Developing a Fire Model For Offshore QRA

An offshore installation normally houses complex facilities for a range of production processes. Space limitation leads to closely packed equipment and pipework and, subsequently, the likelihood of escalation from a relatively small fire is much higher compared to onshore installations. A riser failure occurred during the Piper Alpha incident in 1988 was thought to have contributed to the platform collapse and a major loss of life.

CFD models are the tool to accurately predict fire dynamics in offshore installations. They solve the fundamental equations of combustion with explicit account for the influence of boundaries (e.g. walls, decks, large equipment items) on the development of a fire.  However, due to the high demand on resources (e.g. cost, manpower and time) and the large number of scenarios to be considered in a QRA, CFD based analysis becomes impractical for Quantitative Risk Assessment (QRA). Instead, simple fire models developed for onshore scenarios, such as the jet fire model by Chamberlain et al & the pool fire models reviewed by Mudan et al, are normally used. Whilst the simple models offer quick solutions to very practical problems, they also make the analysis rather subjective, inconsistent and less accurate.

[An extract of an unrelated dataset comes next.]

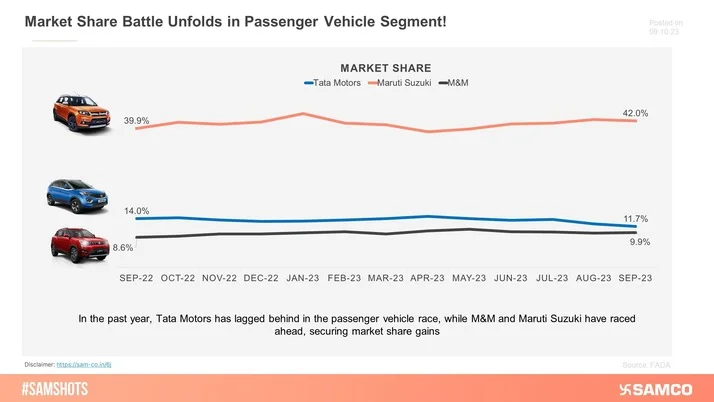 Tata Motors Faces Tough Competition!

Modfire is a new empirical fire model developed specifically for offshore QRA. It extends the application of simple fire models mentioned above to the offshore environment. Using discharge results as the input, Modfire predicts flame shapes with consideration of the interaction between flames and boundaries, without the disadvantages which have prevented CFD models for being used routinely for QRA.  The predicted fire characteristics are dependent on release conditions, boundary geometries and ventilations. The model also considers escalation of boundaries by fires and fire escalation into the surrounding areas.

This paper presents the modeling approach of Modfire and validation work undertaken. Current validation against CFD results of a medium-size offshore platform has been satisfactory in the event of jet and pool fires.